We brought sweet perfect Scarlette home and quickly realized – they’re leaving us alone to take care of this human. No more nurses, no more doctor check-ups, that’s it! We’re on our own! Taking care of basic needs, easy peasy. I had that completely under control. But how in the world do you raise a children to be kind? Caring? Loyal? Full of integrity? God-fearing?
Clearly, I’m only a few years into this parenting gig. I learned pretty quickly I had no idea what I was doing and needed as much help (i.e. parenting books) as I could find. I’ve rounded up my favorite reads to date with my personal review of each. Parenting books are EVERYWHERE with everyone claiming they have it all figured out. Trust me when I say, I no more have this figured out as I did the day we brought our girl home. But I won’t ever stop trying!
Now is a great time for a disclaimer. No one book is going to provide you with all of the answers to raising godly children. We firmly believe you can and should utilize as much wisdom as offered to you, and pull from it what works for YOUR family. What works for us, may not work for you. We understand that. We just want to offer the ones that have been impactful for our family (affiliate links are included for your convenience).
The Happiest Baby on the Block – First, this was a fairly easy read. You can easily read it during pregnancy (well, if you’re a first time mom – I can’t guarantee reading for any subsequent pregnancies) and it gives a really general overview of caring for your baby. In my worry before becoming a mother, this book boosted my confidence. This is also the first time I learned of the “fourth trimester” concept. The idea that babies really should have stayed inside momma for an extra 3 months, because Lord knows those first three months are the hardest! Babies are clearly needy little things, and the books helped to hone in on my natural abilities. It’s very instinctual to respond to your baby’s cry and Dr. Karp gives you simple tips to help soothe your baby.

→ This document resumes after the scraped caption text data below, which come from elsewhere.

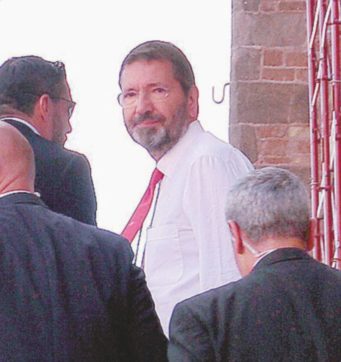 “Le mie firme sono false, ero all’estero”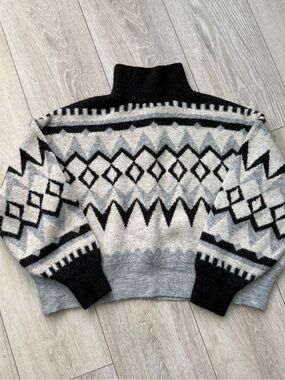 H&M Chunky Geo Pattern Turtleneck Sweater in Black, Gray & Cream size M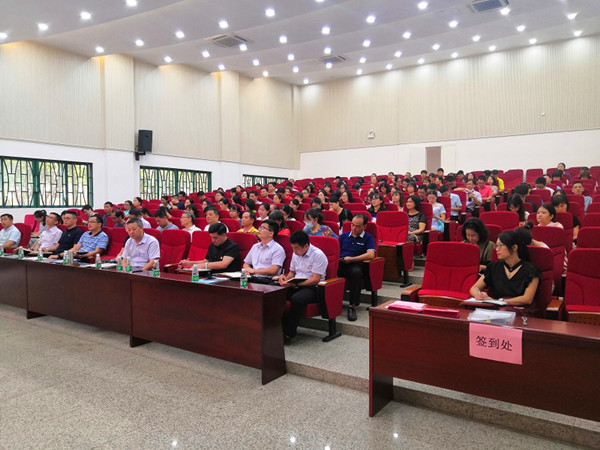 全體教師聽(tīng)講_副本.jpg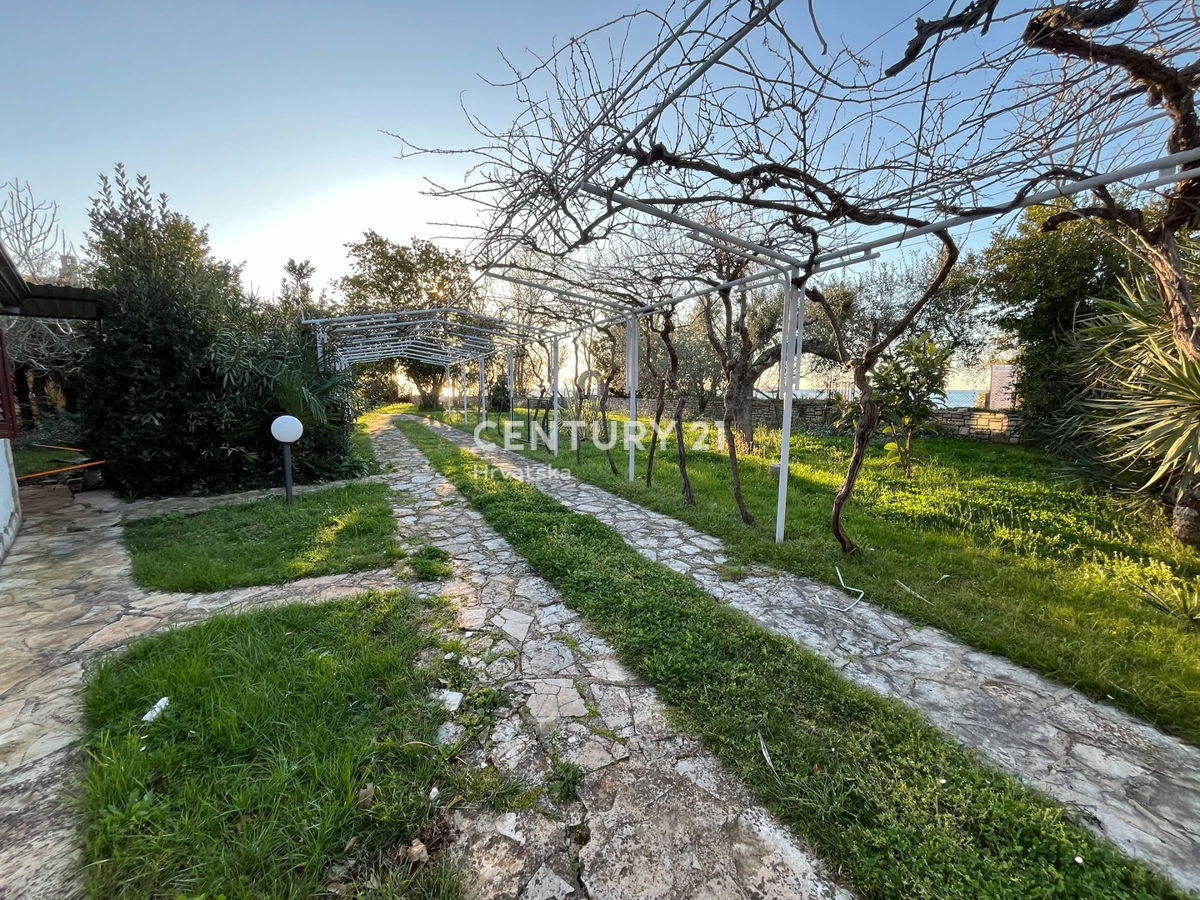 UMAG, DVE PRIZEMNICI Z DIREKTNIM DOSTOPOM DO PLAŽE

Give Them Grace – “Every human heart is always and ever drawn to law…Our hearts chase after tules – not because we ever really over them but because we think they make life manageable. Rules elevate us to the position of law-giver; they help us avoid the humiliation of prostrating ourselves before a bloody, despicable cross.”

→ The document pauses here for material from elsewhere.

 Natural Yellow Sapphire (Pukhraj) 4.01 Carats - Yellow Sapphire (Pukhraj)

Yes, she went there. This book took me a lot longer to read, namely because I needed to frequently pause and unearth the sin in my heart that was causing me to stifle at some of the suggestions. Elyse Fitzpatrick has a gift of regularly bringing you back to the gospel. Parenting children is constantly humbling, am I right? She reminds us WHY it should be humbling. We don’t create “good” children, and even if our best parenting skills did crank out “good” adults – what is the condition of their heart? The heart is what truly matters, and Elyse offers several practical ways to help us gauge and engage our children’s hearts. As a recovering legalist, this book has changed the way I look at my children forever.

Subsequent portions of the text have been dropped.